In the latest Crypto Trader Digest newsletter, co-founder and CEO of BitMEX, Arthur Hayes, has argued that the price of bitcoin will rise above $10,000 by the end of the year, perhaps up to the previous high of about $20,000 recorded in December 2017, though this may not happen anytime soon.
His analysis as a trader focuses on the current period of intense crypto market volatility and can be summarized in the phrase “you gotta go down to go up”, referring precisely to the bitcoin price.
“While I don’t believe we will revisit $3,000, max pain probably resides somewhere between $6,000 to $7,000 Bitcoin. Any crypto hedge fund that allows quarterly or less liquidity will be getting distress calls. They will be dumping coins into a falling market. That will push the price lower on the margin”.
Hayes also adds:
“As central bank printing presses switch into beast mode, Bitcoin should enjoy a nice run back through $10,000 towards $20,000 by year end. Each central bank will cut rates to zero and announce open ended quantitative easing. But initially just like in 2008 and 2009, what seems like a no-brainer – central bank prints and risk assets like Gold and Bitcoin appreciate – will not transpire”.

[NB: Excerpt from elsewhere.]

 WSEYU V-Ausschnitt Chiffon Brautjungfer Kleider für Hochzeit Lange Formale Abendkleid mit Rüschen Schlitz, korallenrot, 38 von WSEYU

Finally, Hayes suggests “buying crypto with both hands“, to fill your wallet first with bitcoin and then other cryptocurrencies, because even XRP could benefit.
Finally, the newsletter concludes like this:
“Long live volatility, and stay healthy”.
After all, without volatility bitcoin would not be an interesting speculative asset, but for holders this often produces very strong negative emotions.
Hayes invites them not to worry too much about volatility, and to focus only on the long-term trend, leaving the concerns about volatility to traders like him, who ultimately appreciate it.